The relationship between watts and sound volume is not what most people think. A 6 watt amp is not twice as loud as a 3 watt amp--to double the volume, you'd have to have a 30 watt amp. Doubling the wattage, from 3 to 6, will produce practically no perceptible increase in volume.
And it does not take much wattage to get really loud. Guitar players are always looking to get the sound of a cranked amp at apartment bedroom levels. You can buy micro guitar amps now that put out half a watt. I've tried them--they are much too loud for bedroom levels. If you crank up a half watt amp people need to practically shout to be heard. You don't need a lot of watts to produce a lot of volume
It will make a difference, though, in distortion--if a 3 watt amp begins to distort at, say, 20 decibels, and maxes out at 30 decibels, a 6 watt amp will get to let's say 25 decibels before it begins to distort, and max out at 32 decibels. I made those figures up--they don't express an actual formula, but they express the idea. If Phoenix is touting a 6 watt amp, the advantage will be less distortion at a given volume level, not more overall volume. That's a good thing. But you get in most cases a much bigger effect on sound if you change the speaker, rather than the amp.

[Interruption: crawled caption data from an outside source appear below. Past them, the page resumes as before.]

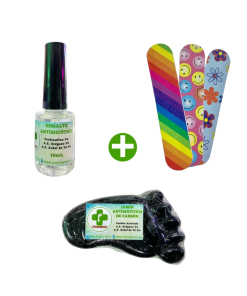 "PROMO 2" UÑAS CON HONGOS: ESMALTE CON TERBINAFINA 3%  10 ML + MINI LIMAS + JABÓN ANTIMICOTICO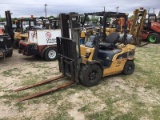 Caterpillar P6000 Rubber Tired Forklift runs & operates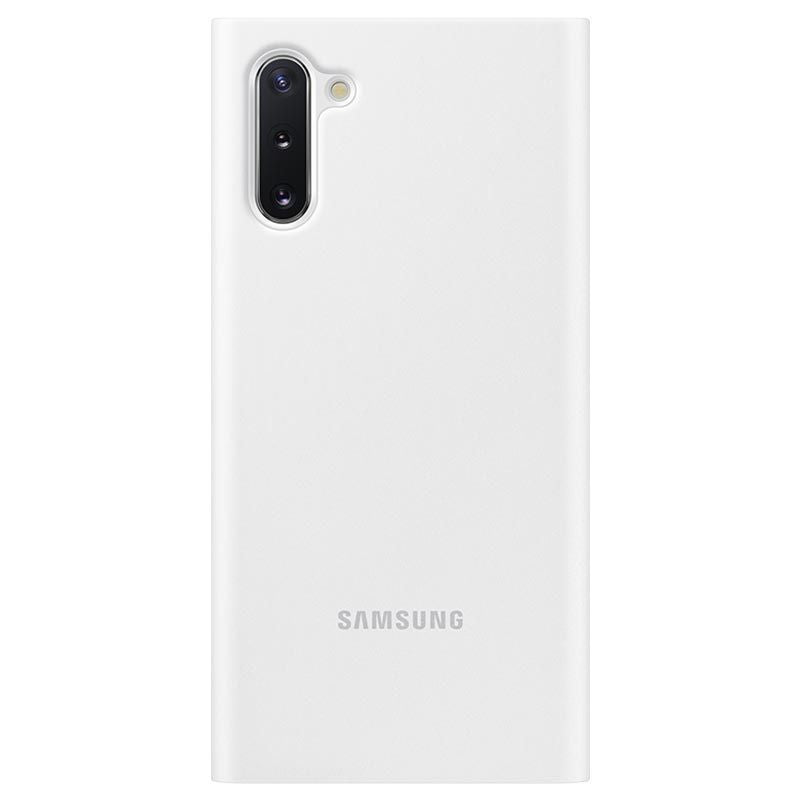 Book case Samsung  Galaxy Note 10 Clear View Cover White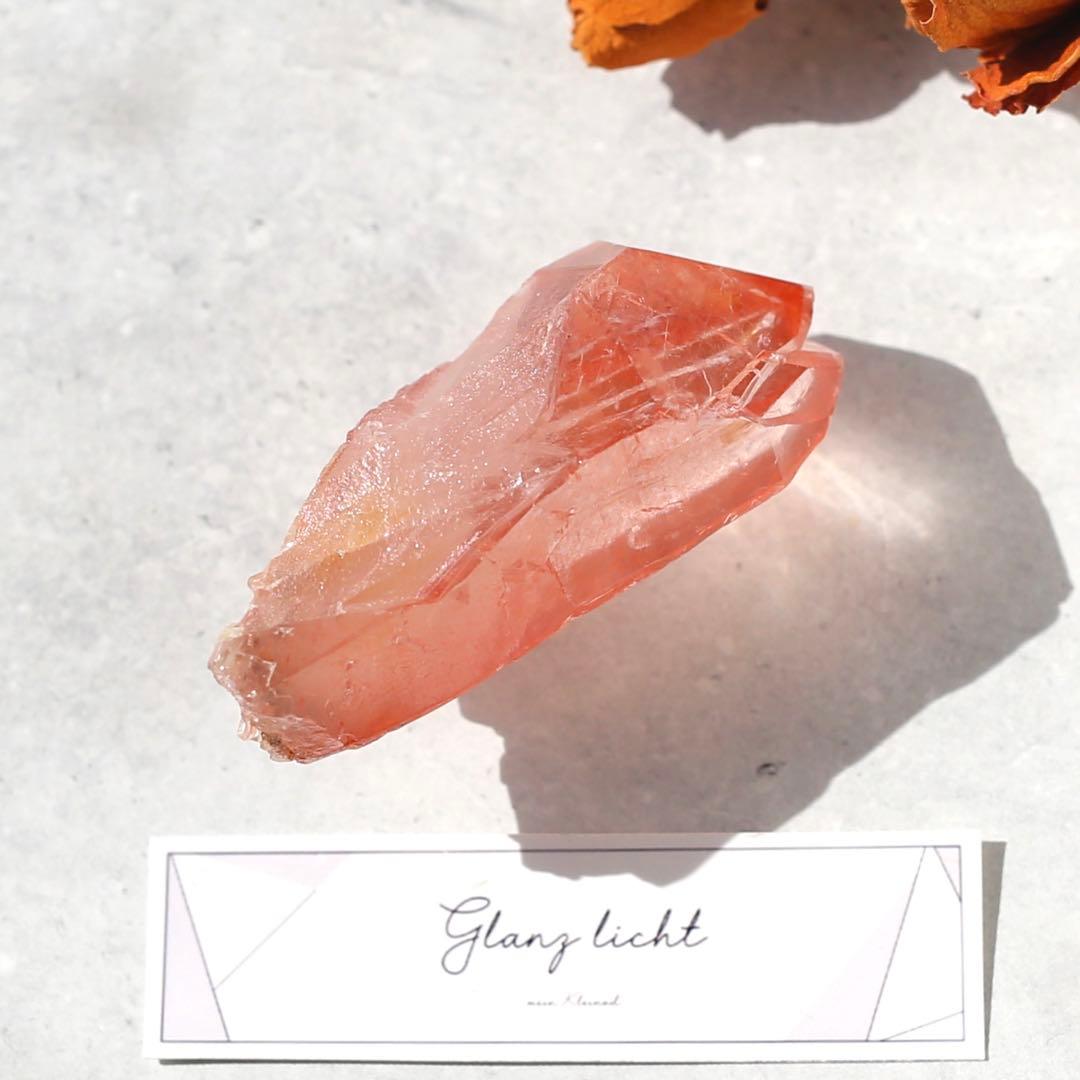 ソウルメイトツイン ディープピンクレムリアンシード 天然石 クォーツ ツインレイ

The demand for more watts is almost always associated with bass frequencies. Bass frequencies take much more power to produce, which is why the bass player always needs a much bigger amp. Typically the bass player has much bigger speakers and cabinets as well, which is what large scale trains will always lack. You just can't make a G scale train with a 3 foot by 3 foot cabinet and four ten inch speakers. Bass frequencies are the thing that's missing, inevitably, becasue of the size of the speaker and the size of the enclosure
Speaking personally, I find that even very low wattage amps tend to be too loud, and when Im running outside I have them all turned way down. The neighbors don't really need to hear my trains running.
So I'm not really worried about massive speakers or lots of watts.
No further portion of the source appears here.